Abstract 28: Increased Expression Of Mitochondrial Inducible Nitric Oxide Synthase By Heat Shock Protein Hsp22/h11 Kinase Promotes Oxidative Phosphorylation In Mammalian Heart
Aims: Stress-inducible heat shock protein 22 (Hsp22) confers protection against ischemia through induction of the inducible isoform of nitric oxide synthase (iNOS). Hsp22 over-expression in vivo significantly stimulates cardiac mitochondrial respiration, whereas Hsp22 deletion in vivo shows a reciprocal effect. It has also been shown in Drosophila that Hsp22 is expressed in the mitochondria that depends on its N-terminal domain. We hypothesized that Hsp22-mediated regulation of mitochondrial function is dependent upon its mitochondrial translocation together with iNOS.

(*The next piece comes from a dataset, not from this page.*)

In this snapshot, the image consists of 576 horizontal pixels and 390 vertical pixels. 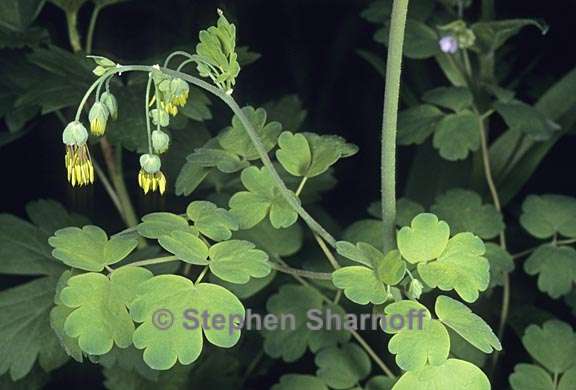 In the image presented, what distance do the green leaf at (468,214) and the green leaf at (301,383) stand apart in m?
0.30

Methods and Results: Adenoviruses harboring either the full coding sequence of Hsp22 (Ad-WT-Hsp22) or a mutant lacking a 20 amino acid putative N-terminal mitochondrial localization sequence (Ad-N20-Hsp22) were generated, and infected in rat neonatal cardiomyocytes. Compared to β-Gal control, Ad-WT-Hsp22 accumulated in mitochondria by 2.5 fold (P<0.05), reduced chelerythrine-induced apoptosis by 60% (P<0.01), and increased oxygen consumption rate by 2-fold (P<0.01). This latter effect was abolished upon addition of the specific iNOS inhibitor, 1400W. Ad-WT-Hsp22 significantly increased global iNOS expression by about 2-fold (P<0.01), and also increased its mitochondrial localization by 2.5 fold vs β-gal (P<0.05). Upon comparable over-expression, the Ad-N20-Hsp22 mutant did not show significant mitochondrial translocation, protection against apoptosis or stimulation of mitochondrial respiration. Although Ad-N20-Hsp22 did increase global iNOS expression by 6-fold it did not significantly promote iNOS mitochondrial translocation.
Conclusion: Translocation of both Hsp22 and iNOS to the mitochondria is necessary for the stimulation of oxidative metabolism and protection against apoptosis.
Author Disclosures: H. Qiu: None E. Rashed: None C. Depre: None.
- © 2014 by American Heart Association, Inc.